ECLI:NL:RBMNE:2022:423
Rechtbank Midden-Nederland
- Eerste aanleg - enkelvoudig
- Rechtspraak.nl
Herziening van WW-uitkering en terugvordering op basis van arbeidsverledeneis
In deze zaak heeft eiser op 17 maart 2020 een WW-uitkering aangevraagd, waarop het Uwv op 21 april 2020 een voorschot heeft verleend. Later heeft het Uwv besloten dat eiser recht had op een WW-uitkering tot 15 juni 2020, maar dat deze vanaf 16 juni 2020 herzien zou worden en dat een te veel ontvangen bedrag van € 5.618,52 teruggevorderd zou worden. Eiser heeft hiertegen beroep ingesteld, waarbij de vraag centraal stond of hij voldeed aan de arbeidsverledeneis voor een verlenging van de WW-uitkering.
De rechtbank heeft vastgesteld dat het Uwv niet kon aantonen dat eiser eerder dan 22 juli 2021 het bestreden besluit had ontvangen, waardoor het beroep ontvankelijk was. Eiser stelde dat hij recht had op een langere WW-uitkering op basis van zijn arbeidsverleden in verschillende landen, maar het Uwv had onvoldoende gegevens om bij buitenlandse uitkeringsorganen navraag te doen. De rechtbank oordeelde dat eiser niet voldoende bewijs had geleverd van zijn arbeidsverleden in België, Italië en Hongarije, waardoor het Uwv niet in staat was om de benodigde informatie te verkrijgen.
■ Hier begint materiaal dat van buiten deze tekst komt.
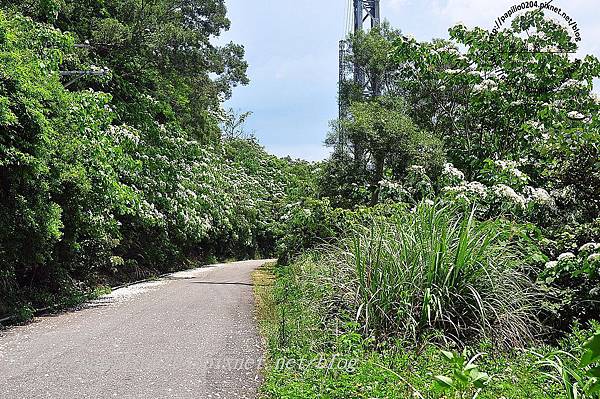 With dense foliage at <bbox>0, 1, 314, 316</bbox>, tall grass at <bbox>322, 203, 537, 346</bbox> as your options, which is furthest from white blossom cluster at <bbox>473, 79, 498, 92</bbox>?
dense foliage at <bbox>0, 1, 314, 316</bbox>

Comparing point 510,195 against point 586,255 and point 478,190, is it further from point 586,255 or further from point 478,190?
point 586,255

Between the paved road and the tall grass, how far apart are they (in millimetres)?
1551

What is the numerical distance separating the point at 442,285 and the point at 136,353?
4120 millimetres

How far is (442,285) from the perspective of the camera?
Answer: 6.26 metres

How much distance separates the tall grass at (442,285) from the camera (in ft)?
19.9

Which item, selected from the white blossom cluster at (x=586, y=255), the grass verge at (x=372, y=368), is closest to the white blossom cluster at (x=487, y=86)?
the white blossom cluster at (x=586, y=255)

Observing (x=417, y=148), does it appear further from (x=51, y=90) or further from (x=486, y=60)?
(x=51, y=90)

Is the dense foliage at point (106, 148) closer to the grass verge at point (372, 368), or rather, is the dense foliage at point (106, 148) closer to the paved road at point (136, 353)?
the paved road at point (136, 353)

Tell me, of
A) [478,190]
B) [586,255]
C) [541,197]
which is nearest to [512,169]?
[478,190]

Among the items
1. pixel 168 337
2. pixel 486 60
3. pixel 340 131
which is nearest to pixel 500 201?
pixel 486 60

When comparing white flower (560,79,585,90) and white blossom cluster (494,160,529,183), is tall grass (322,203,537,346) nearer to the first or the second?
white blossom cluster (494,160,529,183)

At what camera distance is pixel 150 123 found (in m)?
20.9

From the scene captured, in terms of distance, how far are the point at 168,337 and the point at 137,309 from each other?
3.83 meters

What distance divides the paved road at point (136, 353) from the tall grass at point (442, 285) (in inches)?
61.1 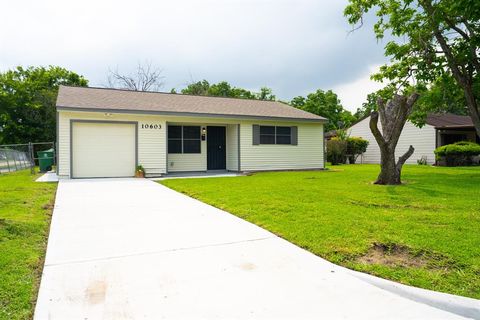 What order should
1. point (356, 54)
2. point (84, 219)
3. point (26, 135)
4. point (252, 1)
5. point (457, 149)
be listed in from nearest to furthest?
point (84, 219) → point (252, 1) → point (356, 54) → point (457, 149) → point (26, 135)

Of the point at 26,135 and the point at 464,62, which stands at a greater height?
the point at 464,62

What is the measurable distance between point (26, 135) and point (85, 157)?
1648 centimetres

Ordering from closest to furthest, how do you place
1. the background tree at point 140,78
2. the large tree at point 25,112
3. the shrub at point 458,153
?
the shrub at point 458,153 → the large tree at point 25,112 → the background tree at point 140,78

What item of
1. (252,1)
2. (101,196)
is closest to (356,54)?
(252,1)

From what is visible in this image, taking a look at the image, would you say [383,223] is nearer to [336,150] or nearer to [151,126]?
[151,126]

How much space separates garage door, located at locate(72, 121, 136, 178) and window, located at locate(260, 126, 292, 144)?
590 cm

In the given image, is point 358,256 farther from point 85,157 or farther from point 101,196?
point 85,157

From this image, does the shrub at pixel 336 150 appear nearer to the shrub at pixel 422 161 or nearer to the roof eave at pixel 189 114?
the shrub at pixel 422 161

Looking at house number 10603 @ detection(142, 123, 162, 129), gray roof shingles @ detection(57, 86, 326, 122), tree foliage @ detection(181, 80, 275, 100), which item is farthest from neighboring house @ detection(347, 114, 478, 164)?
tree foliage @ detection(181, 80, 275, 100)

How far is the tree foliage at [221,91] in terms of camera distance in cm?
3606

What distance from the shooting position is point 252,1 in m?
10.6

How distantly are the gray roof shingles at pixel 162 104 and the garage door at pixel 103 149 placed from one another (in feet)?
2.58

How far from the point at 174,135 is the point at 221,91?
2486 cm

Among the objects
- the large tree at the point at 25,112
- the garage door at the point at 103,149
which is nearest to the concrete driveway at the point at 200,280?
the garage door at the point at 103,149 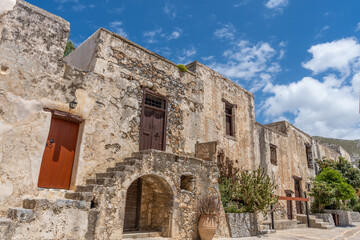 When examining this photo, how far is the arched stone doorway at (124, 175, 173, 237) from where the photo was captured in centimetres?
831

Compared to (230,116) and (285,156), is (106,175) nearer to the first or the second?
(230,116)

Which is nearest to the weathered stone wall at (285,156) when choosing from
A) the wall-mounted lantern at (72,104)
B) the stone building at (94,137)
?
the stone building at (94,137)

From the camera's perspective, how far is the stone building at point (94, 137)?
644 cm

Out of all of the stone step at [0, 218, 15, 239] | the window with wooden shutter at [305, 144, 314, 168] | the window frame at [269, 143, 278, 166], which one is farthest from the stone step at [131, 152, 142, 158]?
the window with wooden shutter at [305, 144, 314, 168]

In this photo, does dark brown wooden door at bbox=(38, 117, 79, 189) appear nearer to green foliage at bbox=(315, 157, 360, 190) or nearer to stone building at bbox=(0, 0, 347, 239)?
stone building at bbox=(0, 0, 347, 239)

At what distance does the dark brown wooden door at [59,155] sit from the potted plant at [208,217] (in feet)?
13.3

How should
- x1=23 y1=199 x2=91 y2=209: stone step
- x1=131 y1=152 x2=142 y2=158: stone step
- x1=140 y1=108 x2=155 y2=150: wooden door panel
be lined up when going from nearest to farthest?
x1=23 y1=199 x2=91 y2=209: stone step, x1=131 y1=152 x2=142 y2=158: stone step, x1=140 y1=108 x2=155 y2=150: wooden door panel

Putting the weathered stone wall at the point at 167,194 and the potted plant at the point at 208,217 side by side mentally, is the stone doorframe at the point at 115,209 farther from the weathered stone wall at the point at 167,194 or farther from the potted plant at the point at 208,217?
the potted plant at the point at 208,217

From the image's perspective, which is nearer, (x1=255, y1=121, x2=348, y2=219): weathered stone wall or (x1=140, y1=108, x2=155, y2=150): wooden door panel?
(x1=140, y1=108, x2=155, y2=150): wooden door panel

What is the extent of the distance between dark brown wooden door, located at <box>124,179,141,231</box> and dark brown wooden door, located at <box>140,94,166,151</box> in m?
1.41

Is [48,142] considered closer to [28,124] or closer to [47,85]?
[28,124]

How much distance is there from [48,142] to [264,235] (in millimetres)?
8551

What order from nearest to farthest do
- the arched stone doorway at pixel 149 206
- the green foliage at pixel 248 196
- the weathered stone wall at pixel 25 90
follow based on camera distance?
the weathered stone wall at pixel 25 90
the arched stone doorway at pixel 149 206
the green foliage at pixel 248 196

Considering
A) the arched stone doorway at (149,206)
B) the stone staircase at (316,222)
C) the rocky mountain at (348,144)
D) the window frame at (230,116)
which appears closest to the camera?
the arched stone doorway at (149,206) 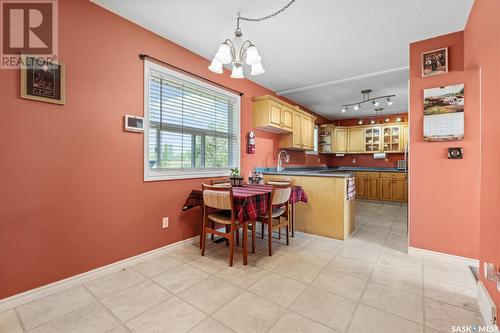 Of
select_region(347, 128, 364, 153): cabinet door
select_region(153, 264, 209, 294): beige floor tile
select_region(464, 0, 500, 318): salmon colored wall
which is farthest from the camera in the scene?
select_region(347, 128, 364, 153): cabinet door

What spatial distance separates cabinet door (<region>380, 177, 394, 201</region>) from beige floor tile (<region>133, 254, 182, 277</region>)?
5652mm

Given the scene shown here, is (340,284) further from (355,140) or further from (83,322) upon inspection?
(355,140)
De rechtbank concludeerde dat het Uwv terecht had beslist dat eiser niet voldeed aan de arbeidsverledeneis voor een verlenging van de WW-uitkering. De terugvordering van de onverschuldigd betaalde uitkering was gerechtvaardigd, en het beroep van eiser werd ongegrond verklaard. De uitspraak werd gedaan door mr. Y.N.M. Rijlaarsdam, met mr. L.M.A. Koeman als griffier, en is openbaar gemaakt op 1 februari 2022.